How does this cell diagram work Pt(s)|H 2 (g, 1.0 bar)|HCl(aq, 0.075 mol/L )||HCl(aq, 1.0 mol/L)|H 2 (g, 1.0 bar)|Pt(s)
and how would I balance it to solve for its cell potential?

Aliya Jain 2B
Posts: 101
Joined: Wed Sep 11, 2019 12:16 am

### Re: HCl as anode and cathode in cell diagram

I think this means that is a concentration cell.
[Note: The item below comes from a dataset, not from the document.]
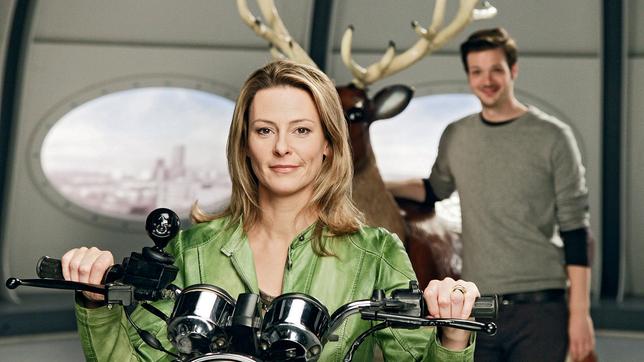 Bild: ARD/Pro in space Anja Reschke, im HG Adrian Pflug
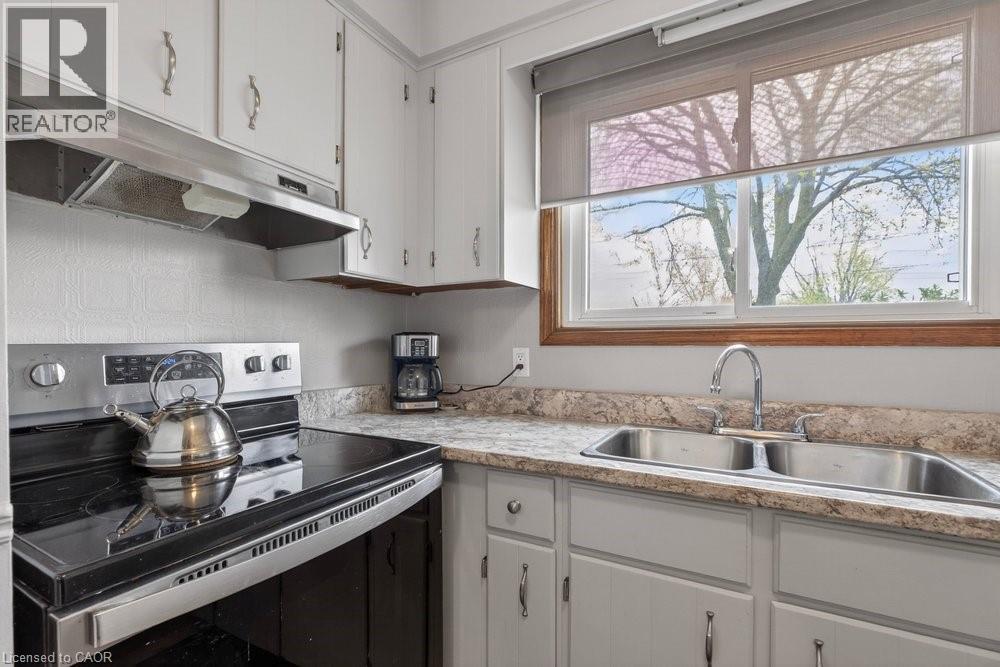 39 Cedardale Avenue, St. Catharines, Ontario  L2P 1B4 - Photo 13 - 40824547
In this case you would use the nernst equation, but e standard is 0.

Julie Park 1G
Posts: 100
Joined: Thu Jul 25, 2019 12:15 am

### Re: HCl as anode and cathode in cell diagram

You would take the half reactions:
2H+ (aq,1.0M) + 2e- --> H2 (g,1atm) // E cathode = 0.00V
H2 (g,1atm) --> 2H+ (aq,0.075M) + 2e- // E anode = 0.00V

2H+ (aq, 1.0M) + H2 (g,1atm) --> 2H+ (aq,0.075M) + H2 (g,1atm)
and get Ecell = 0.00V

Then use the nernst equation to get:
$E=E^\circ -(\frac{0.025693V}{n})ln(\frac{[H^+,0.075M]^2P_H_2}{[H^+,1.0M]^2P_H_2})$
Where the numerator in the ln function represents the products and the denominator represents the reactants of the overall balanced rxn

And then solve for E

Hannah_1G
Posts: 100
Joined: Wed Sep 18, 2019 12:22 am

### Re: HCl as anode and cathode in cell diagram

Julie Park 1G wrote:You would take the half reactions:
2H+ (aq,1.0M) + 2e- --> H2 (g,1atm) // E cathode = 0.00V
H2 (g,1atm) --> 2H+ (aq,0.075M) + 2e- // E anode = 0.00V

2H+ (aq, 1.0M) + H2 (g,1atm) --> 2H+ (aq,0.075M) + H2 (g,1atm)
and get Ecell = 0.00V

Then use the nernst equation to get:
$E=E^\circ -(\frac{0.025693V}{n})ln(\frac{[H^+,0.075M]^2P_H_2}{[H^+,1.0M]^2P_H_2})$
Where the numerator in the ln function represents the products and the denominator represents the reactants of the overall balanced rxn

And then solve for E

Thank you! So when the same compounds are used as both anode and cathode, the standard cell potential is always 0?